- _Exercise material_
--- START ---

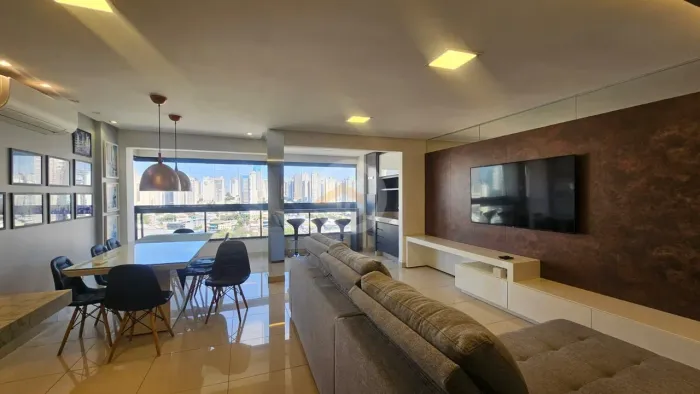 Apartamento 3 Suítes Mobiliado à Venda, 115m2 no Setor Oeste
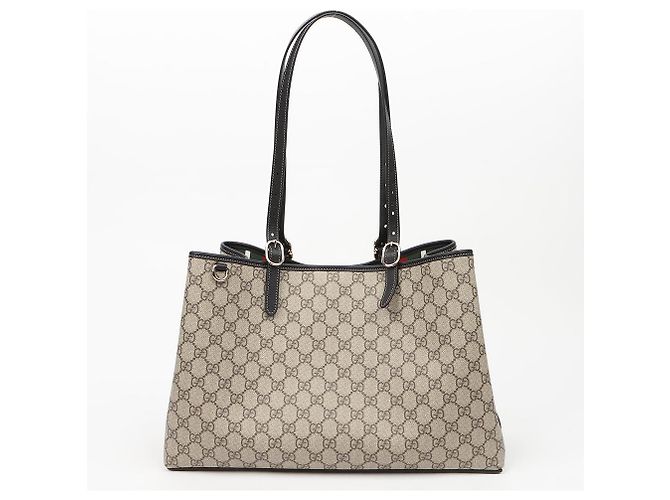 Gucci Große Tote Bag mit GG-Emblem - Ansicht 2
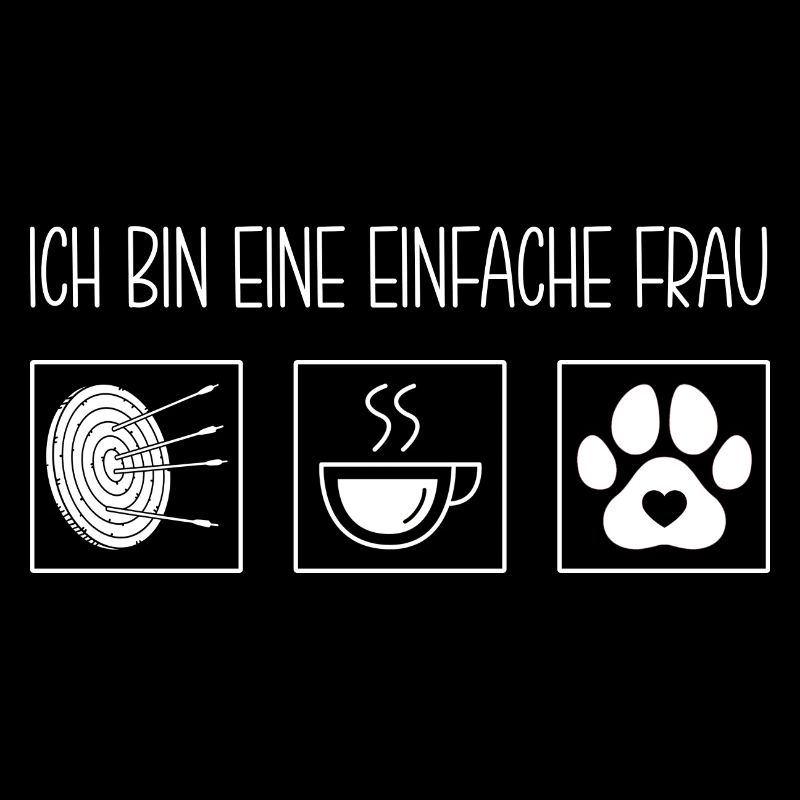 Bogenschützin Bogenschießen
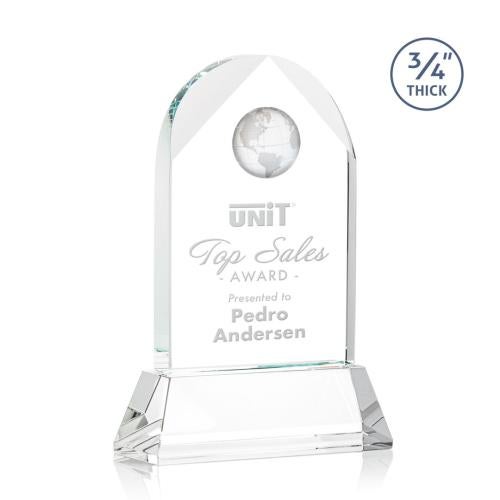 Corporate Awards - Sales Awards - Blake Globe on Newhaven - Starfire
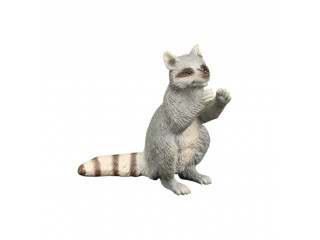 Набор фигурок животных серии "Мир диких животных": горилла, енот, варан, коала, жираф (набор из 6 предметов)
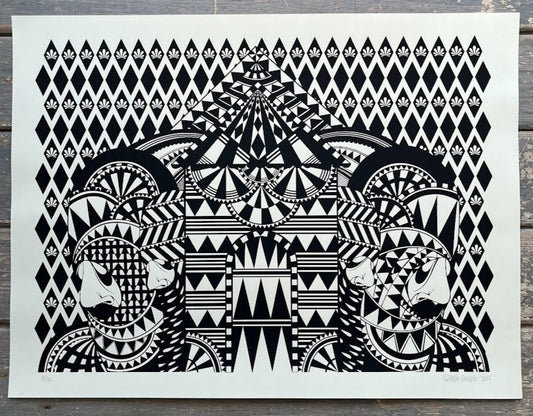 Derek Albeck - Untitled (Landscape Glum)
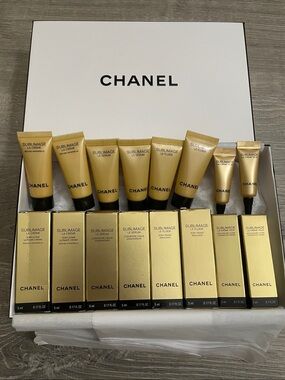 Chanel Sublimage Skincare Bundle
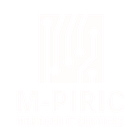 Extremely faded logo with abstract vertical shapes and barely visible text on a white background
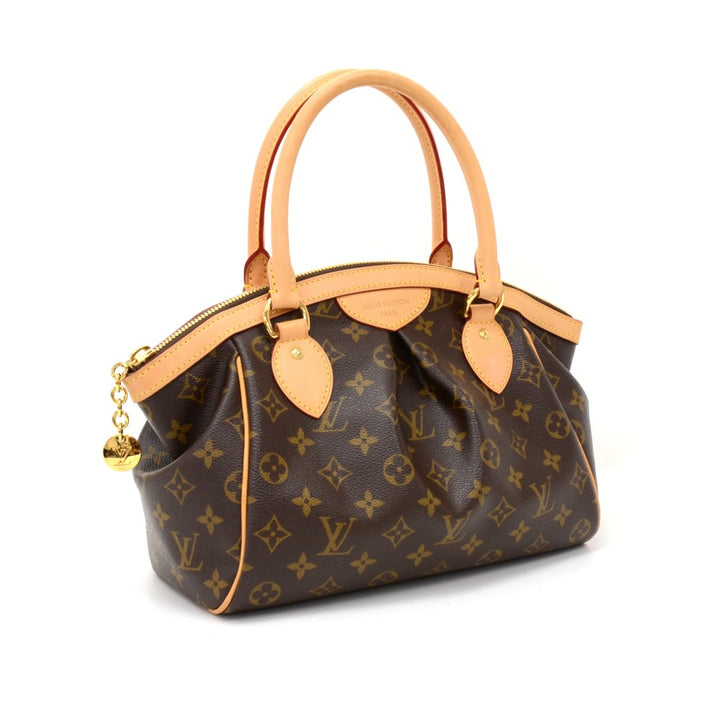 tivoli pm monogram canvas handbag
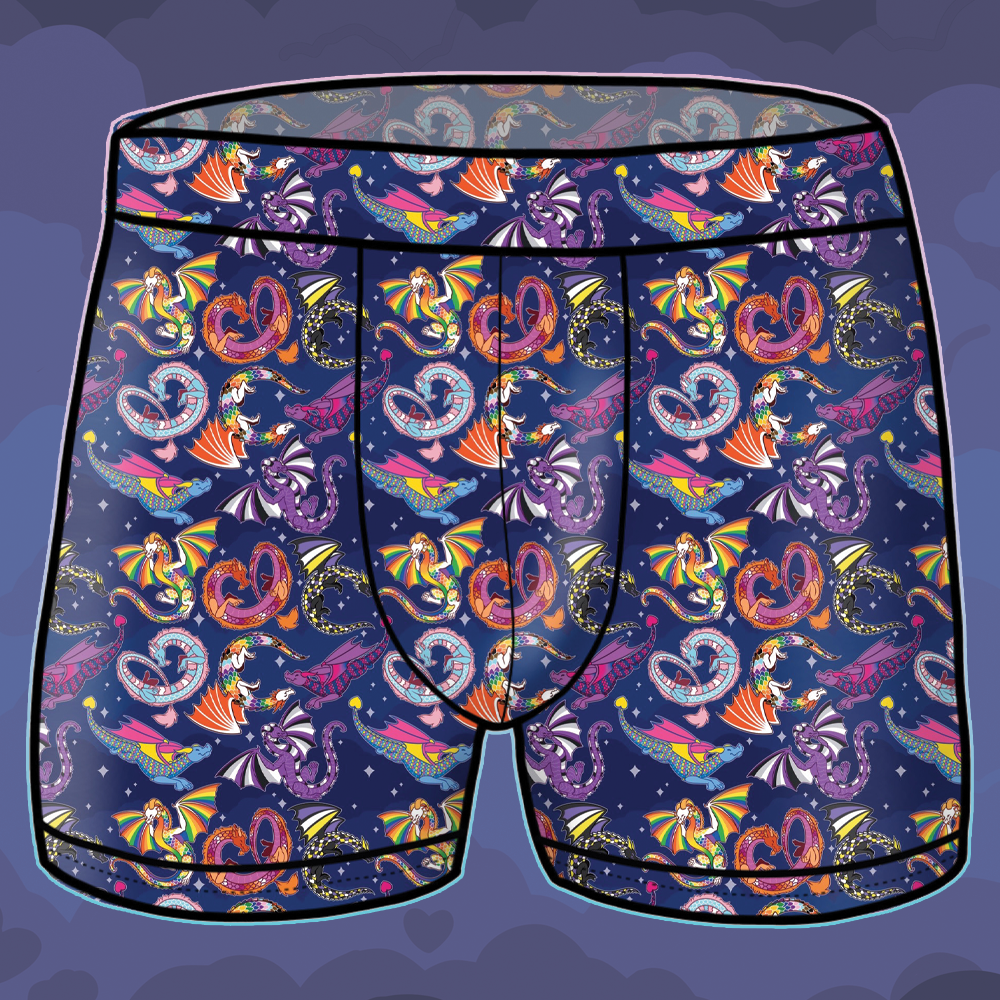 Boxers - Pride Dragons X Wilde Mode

--- END ---

Each line of the material is to be output exactly. Images are not part of the expected output.

 Apartamento 3 Suítes Mobiliado à Venda, 115m2 no Setor Oeste
 Gucci Große Tote Bag mit GG-Emblem - Ansicht 2
 Bogenschützin Bogenschießen
 Corporate Awards - Sales Awards - Blake Globe on Newhaven - Starfire
 Набор фигурок животных серии "Мир диких животных": горилла, енот, варан, коала, жираф (набор из 6 предметов)
 Derek Albeck - Untitled (Landscape Glum)
 Chanel Sublimage Skincare Bundle
 Extremely faded logo with abstract vertical shapes and barely visible text on a white background
 tivoli pm monogram canvas handbag
 Boxers - Pride Dragons X Wilde Mode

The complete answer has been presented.